▶ _PROBLEM REQUIREMENTS_
Begin with the line that holds "Rimmel Multi Rimmel" and repeat each line after it exactly, ending with the last line of the listing.

▶ _DATASET EXCERPT_
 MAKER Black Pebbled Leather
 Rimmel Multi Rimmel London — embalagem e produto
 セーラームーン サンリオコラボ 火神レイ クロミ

▶ _TASK ANSWER_
 Rimmel Multi Rimmel London — embalagem e produto
 セーラームーン サンリオコラボ 火神レイ クロミ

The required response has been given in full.